§ Exercise goal:
Since the copy must hold text only, transcribe the data below exactly and omit the images.

§ Available data:
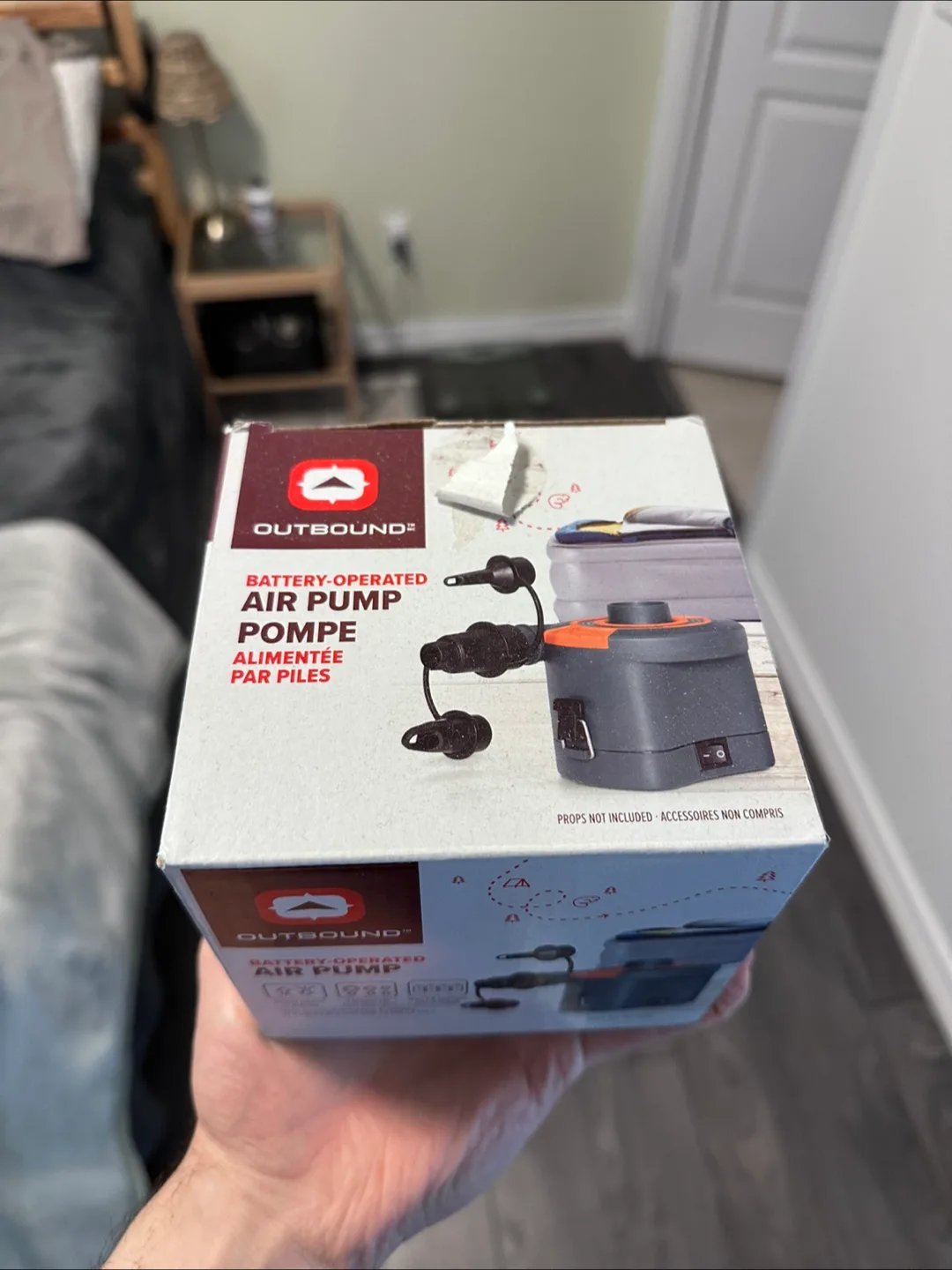 Outbound Battery-Operated Air Pump with Coleman Air Mattress thumbnail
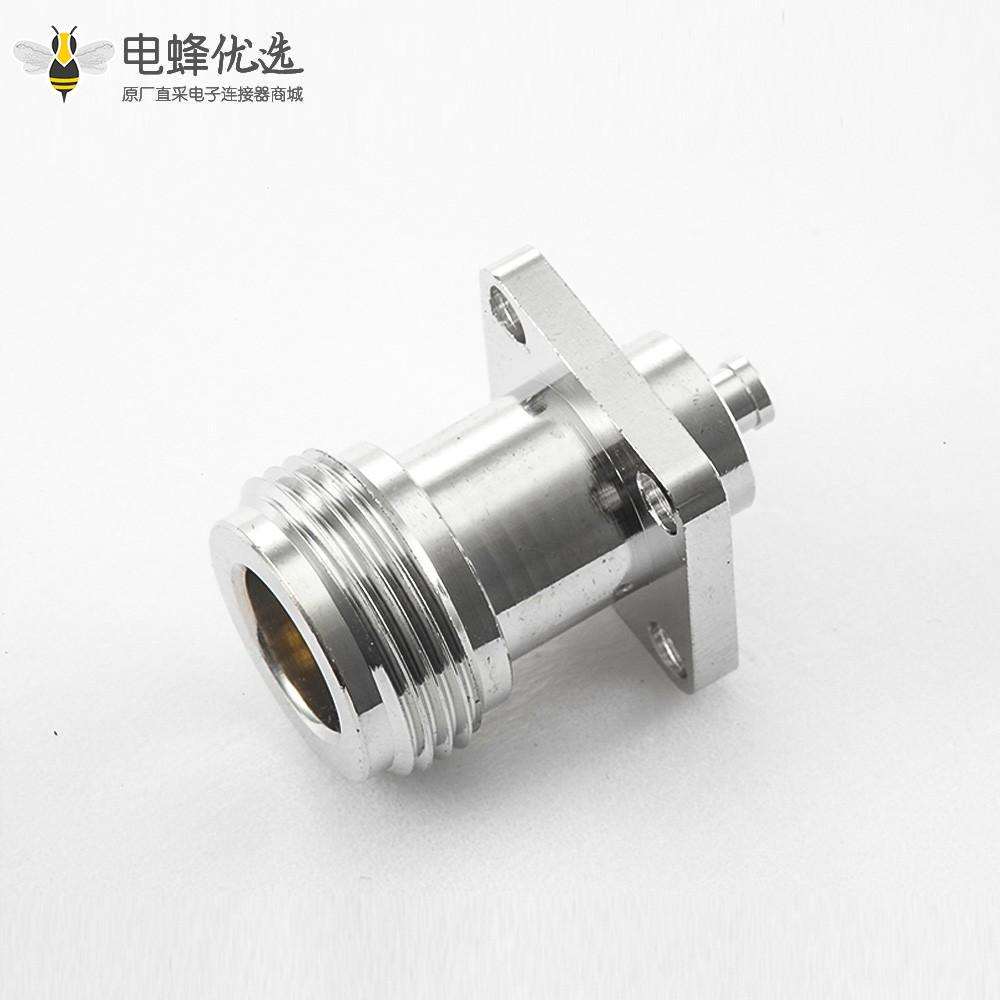N母连接器4孔法兰直焊半柔性半刚性2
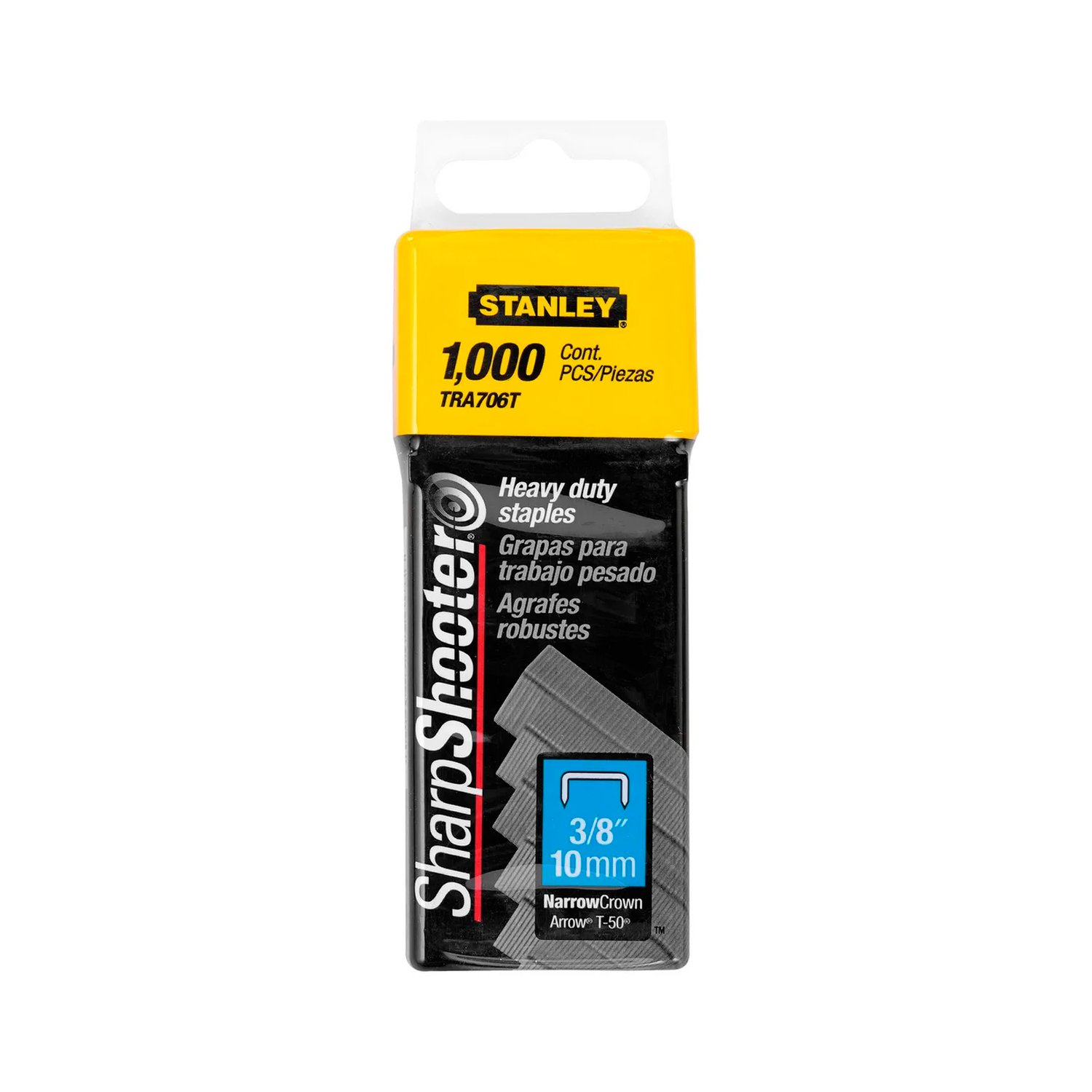 Grapas P/ Trabajo Pesado 3/8pulg 10mm Stanley Tra706t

§ Answer space:
 Outbound Battery-Operated Air Pump with Coleman Air Mattress thumbnail
N母连接器4孔法兰直焊半柔性半刚性2
 Grapas P/ Trabajo Pesado 3/8pulg 10mm Stanley Tra706t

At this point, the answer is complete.